Within these communities, the scale of values expressed (or expressible) never appears pre-determined and unequivocally oriented, but always subject to collective dialectics, to sharing, to re-negotiating personal viewpoints.
The peculiarity we should point out in the mass media context of the communities is how this free relational tool influences the assessment of ideas and not vice versa. What tips the scales are the rapports of trust, advice and word of mouth.
This is where the assessments in these relational spaces acquire special value. Evaluations and decisions regarding the potential access to services are in some way filtered by the community which nurtures them.
This incentive to buy becomes a question of “opinion” and, not by chance, analysts speak – with regard to these new situations emerging from the network – of social shopping, a term deriving from the fusion of shopping and social network, that is, those thematic websites which invite individuals to share issues and common interests, to develop interaction, confrontation and production of content in a cooperative form.

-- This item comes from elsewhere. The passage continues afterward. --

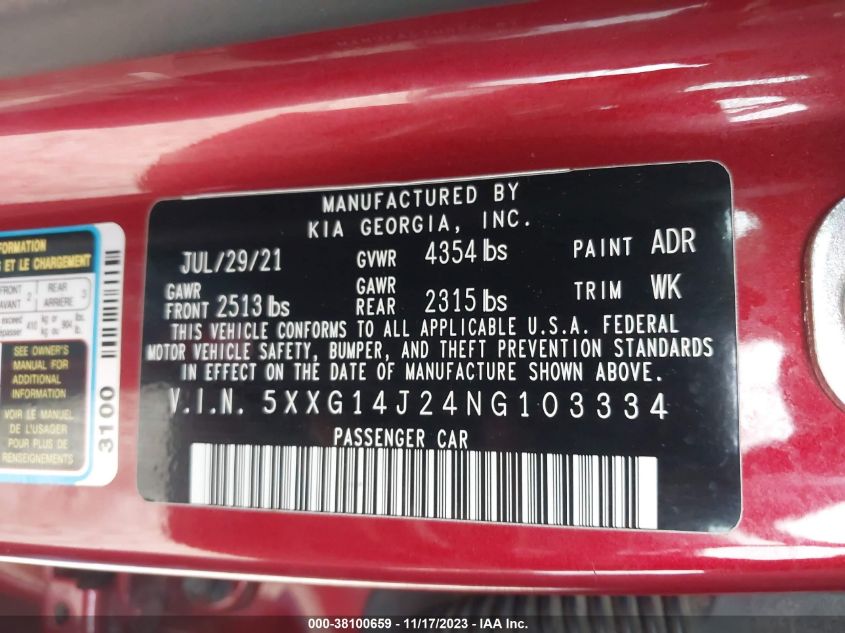 2022 KIA K5 LXS - 5XXG14J24NG103334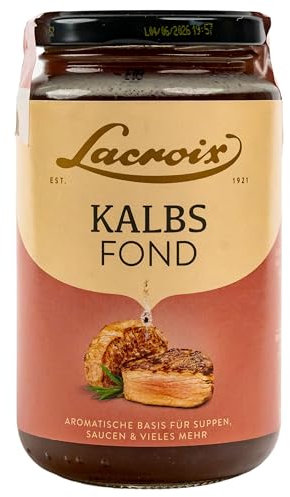 Kalbsfond 400 ml im Glas auf Kalbsbasis als Geschmacksboost für herzhafte Fleischgerichte und feine Saucen - Kalbsfond als Basis für Suppen und Saucen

It is within a relational ambit of this kind that we believe should be introduced the device of the virtual book (which allows us to use a significant part of its contents) and the online bookshop (which puts the book Stone Architecture on sale two years on from its publication).
The book dematerialises to exceed the traditional limits of “niche” editing (e.g. scientific) and explore new contemporary channels of knowledge, along which the roles and life itself of cultural artefacts are combined in order to reach an increasingly wider public, formed not just by scholars or institutional organisations such as libraries, study and research centres, etc.; a public which can be “captured” (using the words of Agamben) through innovative devices, and involved in a cooperative project far broader and more ambitious than that of the book; this is precisely what is happening on internet thanks to the collective intelligence of the architetturadipietra.it community.
So the device that we have put into play is clarified in all its strategic value to the developing community. Whatever is recovered from the resources invested in the printed book is targeted at developing this very project of collective intelligence, at conceiving a well-equipped stage for the Stones of Italy, our Stones of Identity.
Alfonso Acocella
1 Michel Foucault, “Dits et ècrit”, vol. III, pp.299-300, cited in Che cos’è un dispositivo?, by Giorgio Agamben, Roma, ed. Nottetempo, 2006, p.6. See Foucault’s Archeologia del sapere, BUR, Milano, 1999 (original title: L’archèologie du savoir, 1969), pp.257.
2 Giorgio Agamben, Che cos’è un dispositivo?, Roma, ed. Nottetempo, 2006, p.21.
On these themes see: Giuseppe Caravita, “La nuova civiltà del web” in Nòva Sole 24 ore 19.1.2006; Alessandro Longo, “Anche lo shopping diventa d’opinione”, Nòva Sole 24 ore 5.10.2006; Giuseppe Granirei, La società digitale, Bari, Laterza, 2006, pp.189; Tiziana Terranova, Cultura Network, Roma Manifestolibri, 2006, pp.223.